■ **Your assignment**: Find "Nike Pegasus 40" and "Âm thanh cho biết sức khỏe của rạn san hô" in the records below. Copy the lines holding them and every line between, exactly, and no others.
++++++++
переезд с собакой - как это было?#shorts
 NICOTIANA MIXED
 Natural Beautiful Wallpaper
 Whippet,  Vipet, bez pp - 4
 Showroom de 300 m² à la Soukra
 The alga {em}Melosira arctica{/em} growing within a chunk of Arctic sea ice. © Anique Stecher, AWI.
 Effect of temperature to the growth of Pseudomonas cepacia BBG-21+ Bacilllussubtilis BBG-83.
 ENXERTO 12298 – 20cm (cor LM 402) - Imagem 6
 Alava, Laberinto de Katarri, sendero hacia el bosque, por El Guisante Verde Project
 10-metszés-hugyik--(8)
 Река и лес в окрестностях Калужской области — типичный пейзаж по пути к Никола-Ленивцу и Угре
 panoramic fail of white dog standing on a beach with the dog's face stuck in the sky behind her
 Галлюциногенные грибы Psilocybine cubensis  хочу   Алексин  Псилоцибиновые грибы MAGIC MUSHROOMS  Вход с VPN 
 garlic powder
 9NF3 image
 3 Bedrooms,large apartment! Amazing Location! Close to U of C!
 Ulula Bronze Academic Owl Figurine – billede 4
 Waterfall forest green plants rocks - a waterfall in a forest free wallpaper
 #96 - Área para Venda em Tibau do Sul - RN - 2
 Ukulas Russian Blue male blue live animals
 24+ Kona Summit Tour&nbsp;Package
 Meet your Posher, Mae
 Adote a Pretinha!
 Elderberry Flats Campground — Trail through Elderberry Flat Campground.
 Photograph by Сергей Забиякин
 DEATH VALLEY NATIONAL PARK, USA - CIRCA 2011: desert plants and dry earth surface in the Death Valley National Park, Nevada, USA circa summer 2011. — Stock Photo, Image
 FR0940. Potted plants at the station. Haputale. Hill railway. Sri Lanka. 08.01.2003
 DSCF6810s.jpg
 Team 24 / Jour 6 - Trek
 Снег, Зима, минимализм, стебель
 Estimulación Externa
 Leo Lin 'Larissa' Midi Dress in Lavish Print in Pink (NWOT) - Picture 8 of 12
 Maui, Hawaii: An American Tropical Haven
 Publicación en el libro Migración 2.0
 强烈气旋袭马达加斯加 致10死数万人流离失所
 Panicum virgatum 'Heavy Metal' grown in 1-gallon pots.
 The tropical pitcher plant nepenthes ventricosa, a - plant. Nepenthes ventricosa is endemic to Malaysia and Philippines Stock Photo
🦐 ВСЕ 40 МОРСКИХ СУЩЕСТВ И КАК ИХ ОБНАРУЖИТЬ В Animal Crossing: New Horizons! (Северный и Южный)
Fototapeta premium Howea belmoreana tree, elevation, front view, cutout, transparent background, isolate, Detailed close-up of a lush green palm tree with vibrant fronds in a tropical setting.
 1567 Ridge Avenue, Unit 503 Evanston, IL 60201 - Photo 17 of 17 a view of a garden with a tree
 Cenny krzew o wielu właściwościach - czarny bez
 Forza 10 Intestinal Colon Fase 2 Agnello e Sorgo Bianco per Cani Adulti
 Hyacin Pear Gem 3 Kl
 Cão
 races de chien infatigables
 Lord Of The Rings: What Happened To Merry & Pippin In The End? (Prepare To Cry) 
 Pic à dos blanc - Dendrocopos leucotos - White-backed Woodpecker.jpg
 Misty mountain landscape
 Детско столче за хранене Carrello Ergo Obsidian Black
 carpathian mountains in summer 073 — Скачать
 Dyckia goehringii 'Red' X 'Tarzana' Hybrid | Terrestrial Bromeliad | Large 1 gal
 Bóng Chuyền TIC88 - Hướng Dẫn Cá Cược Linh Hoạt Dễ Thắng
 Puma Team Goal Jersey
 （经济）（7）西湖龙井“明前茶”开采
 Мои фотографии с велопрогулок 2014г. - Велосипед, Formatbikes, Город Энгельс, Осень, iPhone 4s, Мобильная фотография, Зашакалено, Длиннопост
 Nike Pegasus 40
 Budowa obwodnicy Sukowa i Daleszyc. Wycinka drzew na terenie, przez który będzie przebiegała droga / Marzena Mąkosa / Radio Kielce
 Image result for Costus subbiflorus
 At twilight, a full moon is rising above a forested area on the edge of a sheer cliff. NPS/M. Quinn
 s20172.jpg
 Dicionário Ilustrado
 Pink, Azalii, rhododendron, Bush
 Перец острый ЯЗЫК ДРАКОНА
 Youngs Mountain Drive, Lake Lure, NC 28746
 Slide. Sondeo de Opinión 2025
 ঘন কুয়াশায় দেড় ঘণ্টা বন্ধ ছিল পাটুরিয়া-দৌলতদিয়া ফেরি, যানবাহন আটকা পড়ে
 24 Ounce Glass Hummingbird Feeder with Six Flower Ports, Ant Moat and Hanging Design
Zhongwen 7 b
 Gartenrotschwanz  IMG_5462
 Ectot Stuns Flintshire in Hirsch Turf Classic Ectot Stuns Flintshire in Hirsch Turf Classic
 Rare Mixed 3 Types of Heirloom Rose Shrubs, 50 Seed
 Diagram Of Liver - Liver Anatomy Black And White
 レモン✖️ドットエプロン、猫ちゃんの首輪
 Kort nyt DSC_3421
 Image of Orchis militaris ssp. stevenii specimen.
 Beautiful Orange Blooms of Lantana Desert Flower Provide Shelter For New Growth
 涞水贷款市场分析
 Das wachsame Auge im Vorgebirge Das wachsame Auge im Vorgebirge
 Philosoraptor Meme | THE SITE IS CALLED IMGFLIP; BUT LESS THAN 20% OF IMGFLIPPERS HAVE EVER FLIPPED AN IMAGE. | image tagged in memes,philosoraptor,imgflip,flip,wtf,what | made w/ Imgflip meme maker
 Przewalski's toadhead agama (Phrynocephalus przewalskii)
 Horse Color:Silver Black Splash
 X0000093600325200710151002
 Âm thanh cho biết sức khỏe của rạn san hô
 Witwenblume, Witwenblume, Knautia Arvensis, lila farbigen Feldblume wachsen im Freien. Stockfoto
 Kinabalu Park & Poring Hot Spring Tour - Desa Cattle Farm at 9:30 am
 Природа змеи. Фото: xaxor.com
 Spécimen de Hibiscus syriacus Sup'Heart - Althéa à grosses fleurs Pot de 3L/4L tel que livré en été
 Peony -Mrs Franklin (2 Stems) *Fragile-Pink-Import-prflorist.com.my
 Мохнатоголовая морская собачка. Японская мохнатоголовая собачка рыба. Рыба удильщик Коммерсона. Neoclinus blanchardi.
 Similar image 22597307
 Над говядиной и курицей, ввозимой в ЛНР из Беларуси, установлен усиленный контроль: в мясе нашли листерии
++++++++
■ **Result of this exercise**:
 Nike Pegasus 40
 Budowa obwodnicy Sukowa i Daleszyc. Wycinka drzew na terenie, przez który będzie przebiegała droga / Marzena Mąkosa / Radio Kielce
 Image result for Costus subbiflorus
 At twilight, a full moon is rising above a forested area on the edge of a sheer cliff. NPS/M. Quinn
 s20172.jpg
 Dicionário Ilustrado
 Pink, Azalii, rhododendron, Bush
 Перец острый ЯЗЫК ДРАКОНА
 Youngs Mountain Drive, Lake Lure, NC 28746
 Slide. Sondeo de Opinión 2025
 ঘন কুয়াশায় দেড় ঘণ্টা বন্ধ ছিল পাটুরিয়া-দৌলতদিয়া ফেরি, যানবাহন আটকা পড়ে
 24 Ounce Glass Hummingbird Feeder with Six Flower Ports, Ant Moat and Hanging Design
Zhongwen 7 b
 Gartenrotschwanz  IMG_5462
 Ectot Stuns Flintshire in Hirsch Turf Classic Ectot Stuns Flintshire in Hirsch Turf Classic
 Rare Mixed 3 Types of Heirloom Rose Shrubs, 50 Seed
 Diagram Of Liver - Liver Anatomy Black And White
 レモン✖️ドットエプロン、猫ちゃんの首輪
 Kort nyt DSC_3421
 Image of Orchis militaris ssp. stevenii specimen.
 Beautiful Orange Blooms of Lantana Desert Flower Provide Shelter For New Growth
 涞水贷款市场分析
 Das wachsame Auge im Vorgebirge Das wachsame Auge im Vorgebirge
 Philosoraptor Meme | THE SITE IS CALLED IMGFLIP; BUT LESS THAN 20% OF IMGFLIPPERS HAVE EVER FLIPPED AN IMAGE. | image tagged in memes,philosoraptor,imgflip,flip,wtf,what | made w/ Imgflip meme maker
 Przewalski's toadhead agama (Phrynocephalus przewalskii)
 Horse Color:Silver Black Splash
 X0000093600325200710151002
 Âm thanh cho biết sức khỏe của rạn san hô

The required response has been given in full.